While a detailed discussion of applicable regulation is outside the scope or authority of this report, the following covers the important areas clients must consider as they develop their legal e-billing programs.

 

Value-Added Taxation (VAT)

As well recognized by the European business community—and increasingly appreciated in the other regions of the world--the most complex aspects of electronic invoicing are the regulations controlling Value Added Tax (VAT). To focus on Europe as illustrative here, , corporate law departments and law firms must meet the standards set forth in the European Commission’s Directive on the Common System of Value Added Tax, and its subsequent amendments (respectively, 2006/112/EC and 2010/45/EU).  These requirements are oriented towards the ability for tax authorities to ensure proper compliance with applicable VAT regulations, and apply equally to law departments and their law firms.

For intra-community legal services, local jurisdiction and VAT liability is determined by “place of supply” rules. Generally, these hold that local VAT rules apply in the country in which services were actually provided (i.e., the client location.) Importantly, law firms have particular reporting requirements related to the place, type and value of services provided to their client. Hence, keeping an eye on the bouncing ball is a necessary skill here.

 

Ensuring Authenticity, Integrity and Legibility

Three core requirements--authenticity, integrity, and legibility—mandated in Europe establish a basic framework, and serve as excellent best practices to follow elsewhere as functional requirements for a compliant legal e-billing system.

Authenticity relates to assuring the accurate and traceable identification of the parties, and all transaction information required to audit VAT compliance. The content of an electronic invoice (including credit notes or other supplemental billing documents) must (or should, depending on the country or regional rule) provide:

  • Actual invoice date
  • A unique, sequential invoice number
  • Name, address and contact of the supplier (e.g., law firm)
  • Name, address and contact of the recipient (e.g., corporation)
  • Description of each service activity including date of delivery (e.g., line items)
  • Explicitly identify and separately account for “no VAT applicable” activities

Integrity of content drives how law departments design the mode of transmission and the archival storage of the electronic invoice data. Integrity requires the ability to prove a continuous chain of custody.  This includes a transmission method that ensures the invoice cannot be altered in any manner from the time of creation through expiration of the archive period.  In particular, this immutability standard requires that no cost adjustments be made to an invoice; that any changes be made through associated credit notes.

Legibility relates to the ability to render an electronic invoice that is readable by humans.  Both supplier and customer must maintain software that is capable of rendering a formatted representation of the invoice from the underlying electronic data.  Legibility almost always is a precondition for acceptance by the recipient and auditability.
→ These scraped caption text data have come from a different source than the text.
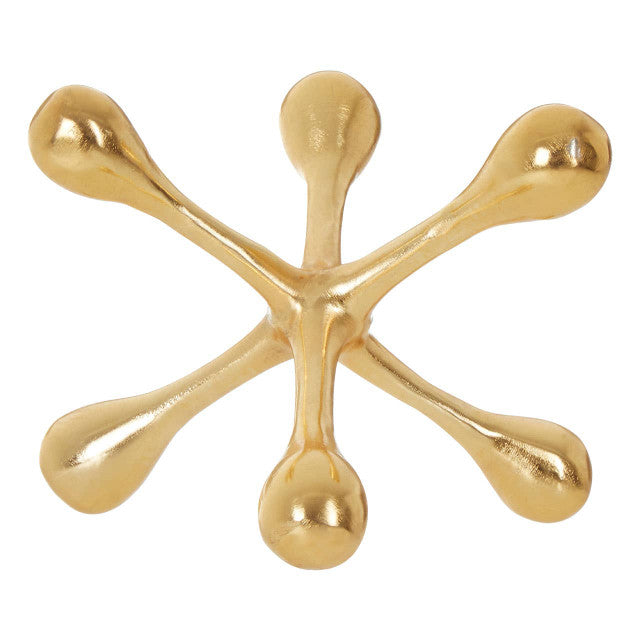 Gold decorative item with five branches on a white background
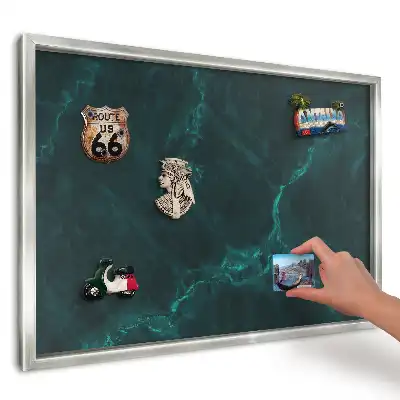 Tablica na magnesy do kuchni Zielony głęboki marmur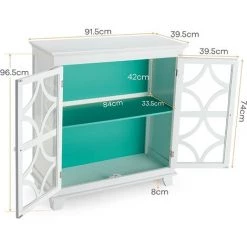 COSTWAY Buffet, Placard De Cuisine Autoportant Avec Étagère Réglable Et Compartiment à 2 Portes, Portes En Verre Décoratives, Pour Salon, Cuisine, Entrée, Assemblage Facile Vert -Buffet et enfilade Soldes 67274871 5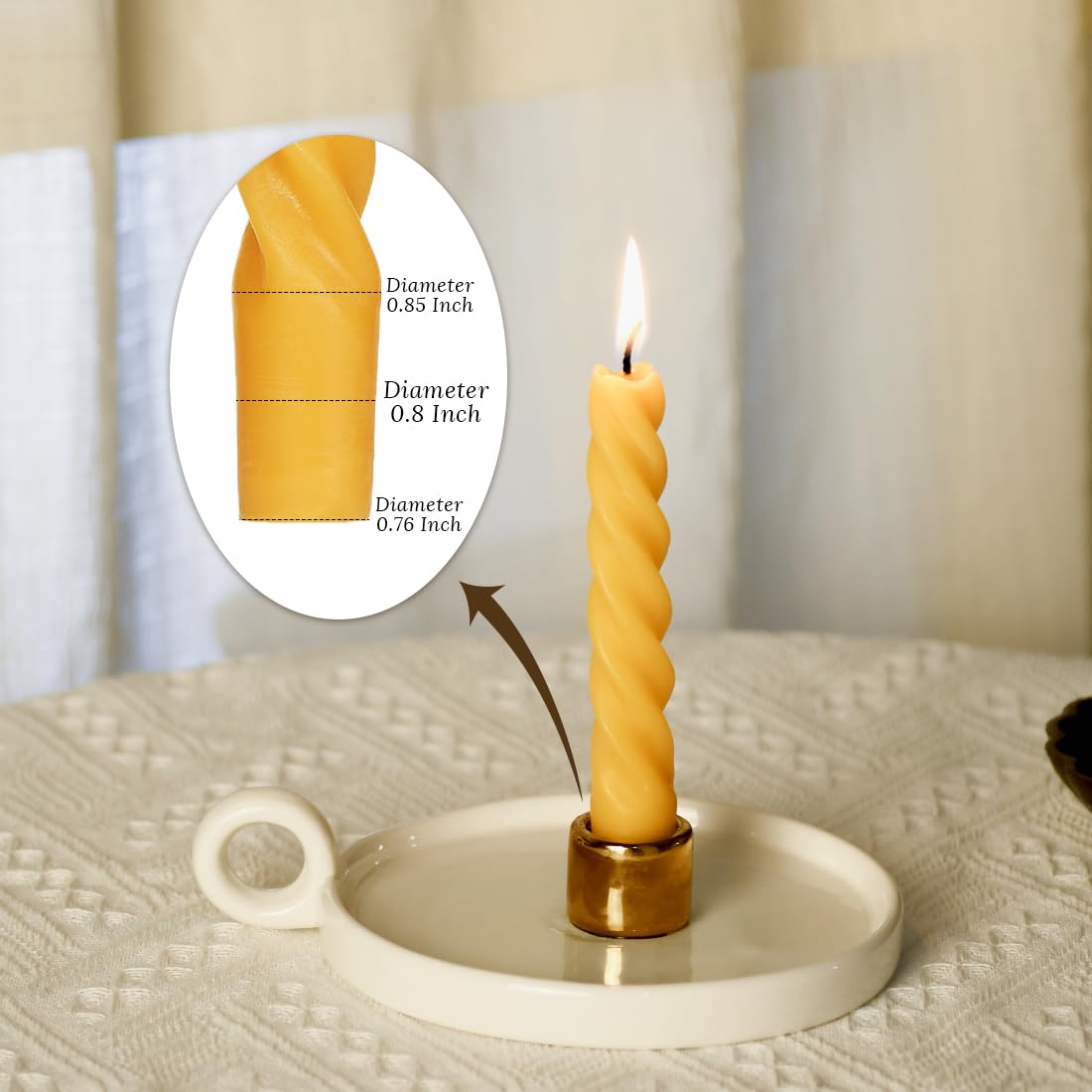 TELOSMA Beeswax Taper Candles Set of 4,Spiral Taper Candle Dripless Long Candle Sticks for Dinner Wedding Party Christmas Home Decorations - 7 Inch Tall - Yellow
Legibility of an electronic invoice can be achieved either because the file format was meant to enable human-readability in connection with desktop software, or through the application of viewer software in case of invoice formats meant for machine-to-machine communications. Importantly, the system must provide assurance that no alternations are introduced through the conversion from digital to human-readable format. Legibility must be maintained up to the end of the required storage period. The ability to produce evidence of legibility must be distinct from the methods used to demonstrate authenticity and integrity, although they can certainly be part of the same integrated system or solution.